In order to thoroughly analyze the performance of the TCNIDS model in intrusion detection, we collected more experimental results. Figure 8 shows the change of loss during a single epoch of training. It can be seen from Figure 8 that the loss drops and converges rapidly. In this paper, a variety of methods, such as weight normalization, regularization, time convolution network, and residual network, are used to deal with the problem of gradient dispersion and disappearance, which improves the stability of model training and further verifies the effectiveness of the model.

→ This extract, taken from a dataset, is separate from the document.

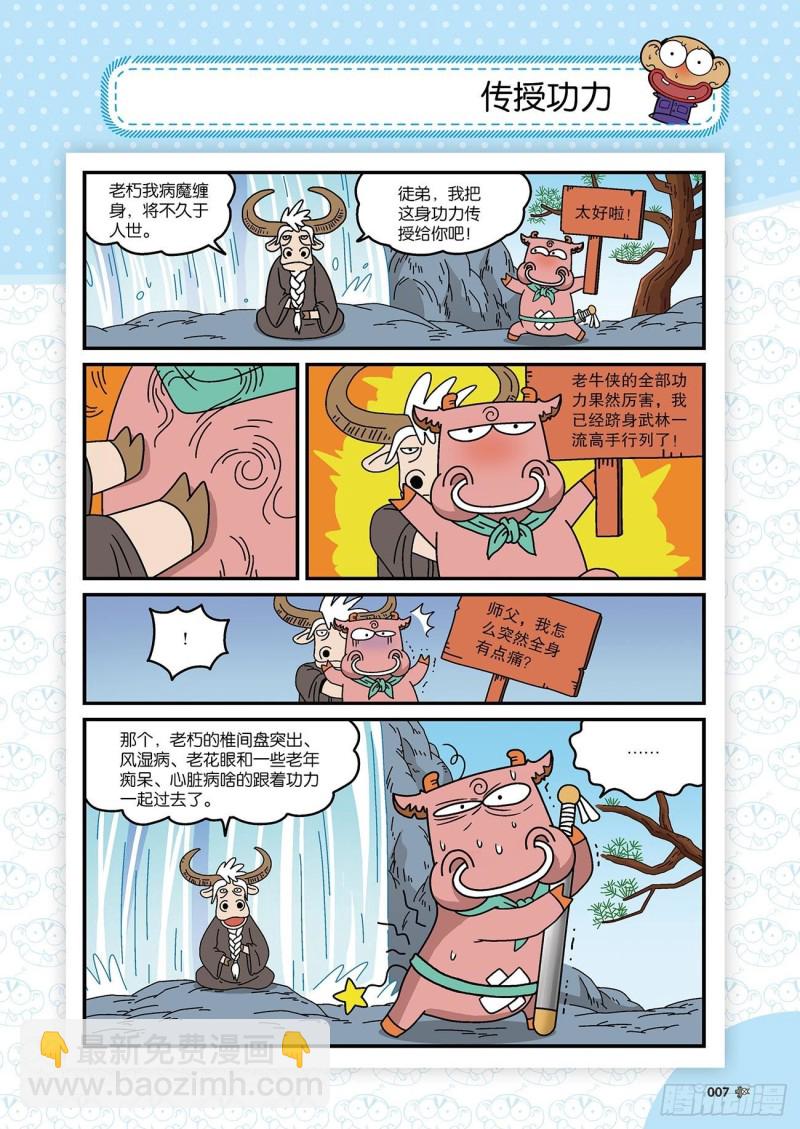 朱斌漫画精选集28漫画,朱斌漫画精选集22（1）1图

In order to observe the loss of the model on each data set, we trained the model for 50 epochs. Figure 9 shows the changes of loss on each data set. It can be seen from the figure that, in the training stage, with the increase of model training times, loss in the normal data set rapidly declines and converges. In the test stage, the trained model carries out loss calculation for each data set, and it is not difficult to find that the normal data set still maintains the loss similar to that in the training stage, but the loss of each attack data set is at a high level and fluctuates greatly due to the attack behaviour, especially the gear spoofing attack. Therefore, loss can be used to distinguish between normal and abnormal behaviour patterns.

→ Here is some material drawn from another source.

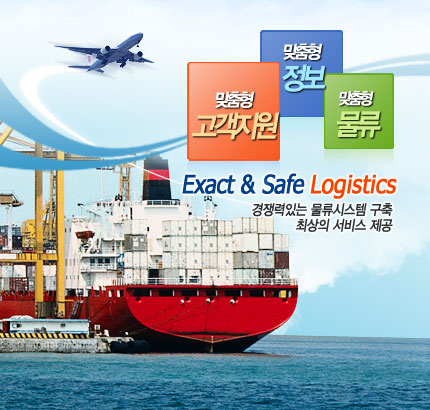 Exact & Safe Logistics 경쟁력있는 물류시스템구축, 최상의 서비스 제공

It can be seen from Figure 10 that after improving the model by parameterizing the Relu activation function, the convergence rate is faster. It can be seen from Figures 11 and 12 that the TPR and Accuracy have been improved to a certain extent, indicating that the existing features should be preserved as much as possible when nonlinear mapping of the features through the activation function and the full shielding method cannot be adopted when x < 0. This also verifies the effectiveness of the parameterized Relu method in Section 4 to improve the model.

5. Conclusion

With the increase of the attack surface of modern automobiles, intrusion detection systems have become the most important technology for in-vehicle network security protection. In view of the current problems in the implementation of the in-vehicle CAN network anomaly detection through the deep learning network model, this paper proposes an intrusion detection system based on time convolution network. The structure of the model is simple, and the sequence data are predicted by word embedding encoding, time convolution network and decoding, and the intrusion detection is realized by top g strategy. In the model, the word embedding method encodes CAN ID into words, which effectively characterizes the potential features between IDs, improves the performance of the model, reduces the dimensionality of the data, and improves the computational efficiency of the model. At the same time, the TCNIDS model uses the parameterized Relu activation function to try to retain the characteristics of nonlinear mapping when x < 0, and optimize the performance of the model. The experimental results show that the TCNIDS model proposed in this paper has high performance in Fuzzy attack, Spoof attack, and DoS attack, especially Fuzzy attack and DoS attack. At the same time, compared with the ordinary time convolutional network model, the improved model has a certain improvement in detection rate, false alarm rate, and accuracy rate, which also proves the effectiveness of the method. Therefore, the TCNIDS proposed in this paper can strengthen the security of the in-vehicle CAN network. Since the model uses an unsupervised learning method, in the future, we will apply it to more data sets and attack scenarios, and further improve the performance of the model.

Data Availability

The data used to support the findings of the study are available at Korea University and Hacking and Countermeasure Research Lab (https://ocslab.hksecurity.net/Datasets/CAN-intrusion-dataset).

Conflicts of Interest

The authors declare that there are no conflicts of interest regarding the publication of this paper.

Acknowledgments

The authors thank Korea University and Hacking and Countermeasure Research Lab for publishing the CAN intrusion data sets. This work was partially supported by the “Fundamental Research Funds for the Provincial Universities,” Zhejiang Institute of Economics and Trade (Grant Number: 19SBYB06), and the Domestic Visiting Engineer Project of Universities, the Education Department of Zhejiang (Grant Number: FG2020135).